Landscapes and Climate

Tropical climate

The Cape York region is situated at the northern tip of Queensland in a tropical climatic zone where summers are wet and winters are comparatively dry (Bureau of Meteorology 1989). Coastal climatic effects are pronounced in this region as it is bordered by the Gulf of Carpentaria to the west and the Coral Sea to the east.

Average temperature

Summers are hot with maximum temperatures around 33-36ºC in January. The coolest temperatures are experienced along the coast and to the east (Colls & Whitaker 1990). Humidity is high, averaging 60-80 per cent, across the region with southern inland readings lowest. Climate discomfort days range from only 50 along the north and east coasts to 150 in the south-west (Bureau of Meteorology 1989) in close association with temperature gradients. Even though this region averages seven to eight hours' sunshine each day, it is one of the cloudiest in the savannas (Colls & Whitaker 1990).

Rainfall

North-west monsoons bring heavy summer rains which in combination with the moist south-easterly trade winds combine to shed an annual average of 800 mm in the south to a prolific 2400 mm in the north. In inland regions more than 90 per cent of this rain falls in summer whereas only around 75 per cent falls as summer rain along the coast. There is only low to moderate variability in this rainfall (Bureau of Meteorology 1989) with droughts less likely to occur in the north (Colls & Whitaker 1990).

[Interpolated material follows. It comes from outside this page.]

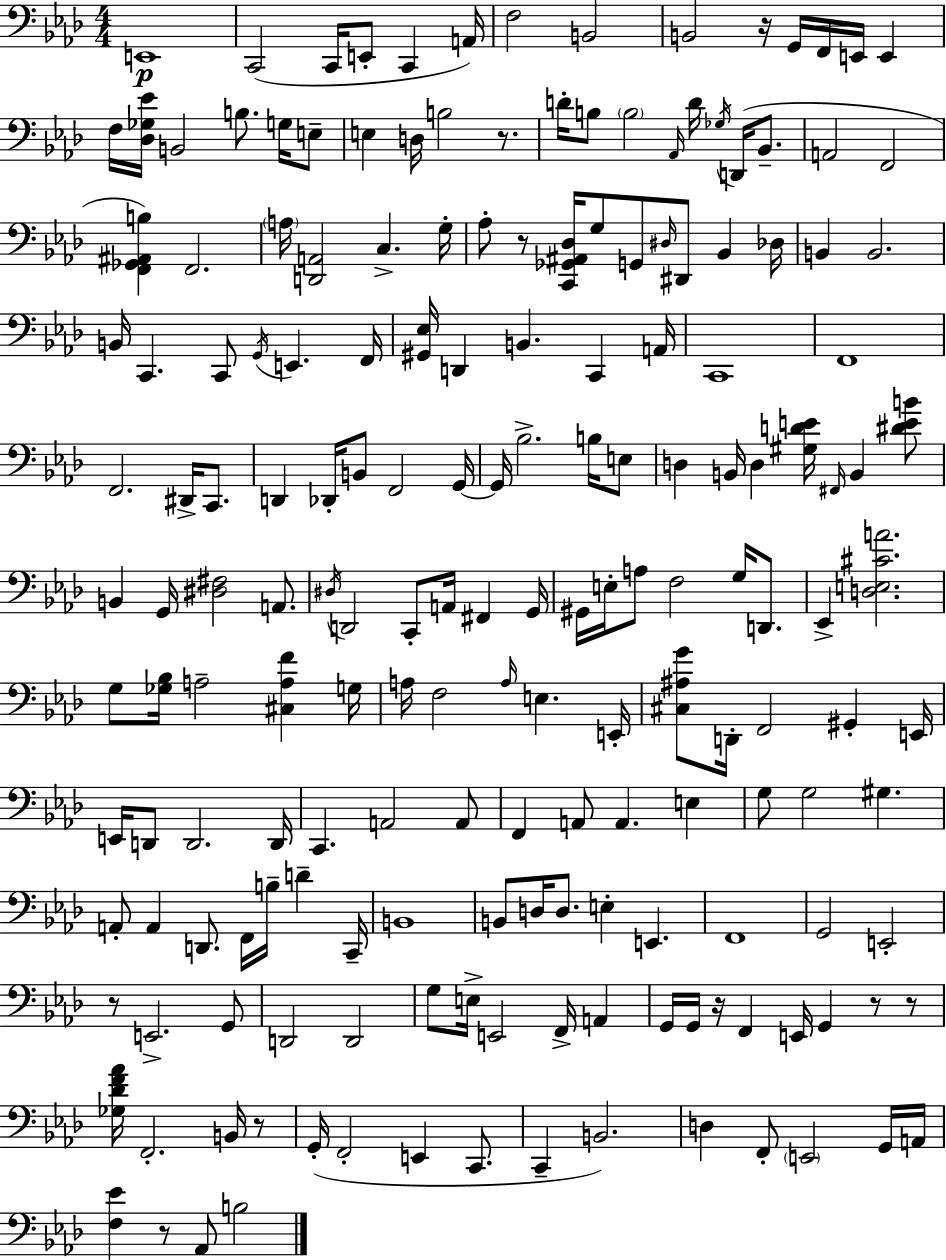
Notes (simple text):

E2/w C2/h C2/s E2/e C2/q A2/s F3/h B2/h B2/h R/s G2/s F2/s E2/s E2/q F3/s [Db3,Gb3,Eb4]/s B2/h B3/e. G3/s E3/e E3/q D3/s B3/h R/e. D4/s B3/e B3/h Ab2/s D4/s Gb3/s D2/s Bb2/e. A2/h F2/h [F2,Gb2,A#2,B3]/q F2/h. A3/s [D2,A2]/h C3/q. G3/s Ab3/e R/e [C2,Gb2,A#2,Db3]/s G3/e G2/e D#3/s D#2/e Bb2/q Db3/s B2/q B2/h. B2/s C2/q. C2/e G2/s E2/q. F2/s [G#2,Eb3]/s D2/q B2/q. C2/q A2/s C2/w F2/w F2/h. D#2/s C2/e. D2/q Db2/s B2/e F2/h G2/s G2/s Bb3/h. B3/s E3/e D3/q B2/s D3/q [G#3,D4,E4]/s F#2/s B2/q [D#4,E4,B4]/e B2/q G2/s [D#3,F#3]/h A2/e. D#3/s D2/h C2/e A2/s F#2/q G2/s G#2/s E3/s A3/e F3/h G3/s D2/e. Eb2/q [D3,E3,C#4,A4]/h. G3/e [Gb3,Bb3]/s A3/h [C#3,A3,F4]/q G3/s A3/s F3/h A3/s E3/q. E2/s [C#3,A#3,G4]/e D2/s F2/h G#2/q E2/s E2/s D2/e D2/h. D2/s C2/q. A2/h A2/e F2/q A2/e A2/q. E3/q G3/e G3/h G#3/q. A2/e A2/q D2/e. F2/s B3/s D4/q C2/s B2/w B2/e D3/s D3/e. E3/q E2/q. F2/w G2/h E2/h R/e E2/h. G2/e D2/h D2/h G3/e E3/s E2/h F2/s A2/q G2/s G2/s R/s F2/q E2/s G2/q R/e R/e [Gb3,Db4,F4,Ab4]/s F2/h. B2/s R/e G2/s F2/h E2/q C2/e. C2/q B2/h. D3/q F2/e E2/h G2/s A2/s [F3,Eb4]/q R/e Ab2/e B3/h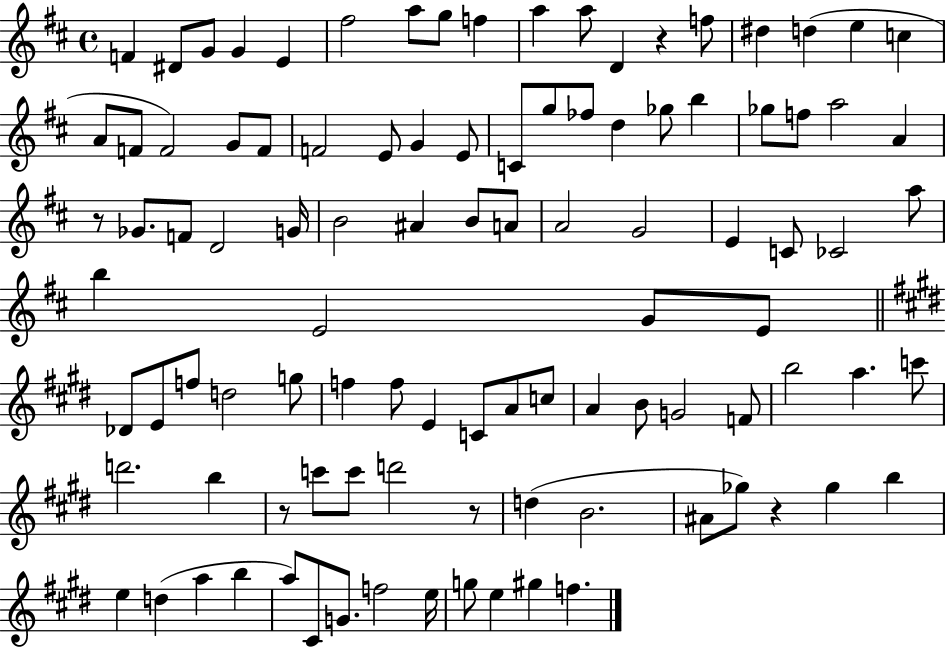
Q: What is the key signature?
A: D major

Tropical cyclones are associated with the most widespread, heavy rainfalls followed by thunderstorms and monsoon depressions (Gentilli 1972). Thunderstorms occur less frequently here than in other regions with an annual average of as few as 20 thunder days along the coast to perhaps twice that many inland (Bureau of Meteorology 1989). In La Nina years rainfall increases across the entire region in an east-west direction (Partridge 1991).

Winter

After the summer rains ease and the south-east trade winds become established relative humidity can fall to 30 per cent by July but in some areas along the eastern coast it may linger around 80 per cent (Colls & Whitaker 1990). Winter rainfall can be associated with the moist trade winds being uplifted over the coast. Temperatures moderate in winter with July average minimums dropping to 21ºC in the north and 15ºC in the southern inland areas (Colls & Whitaker 1990).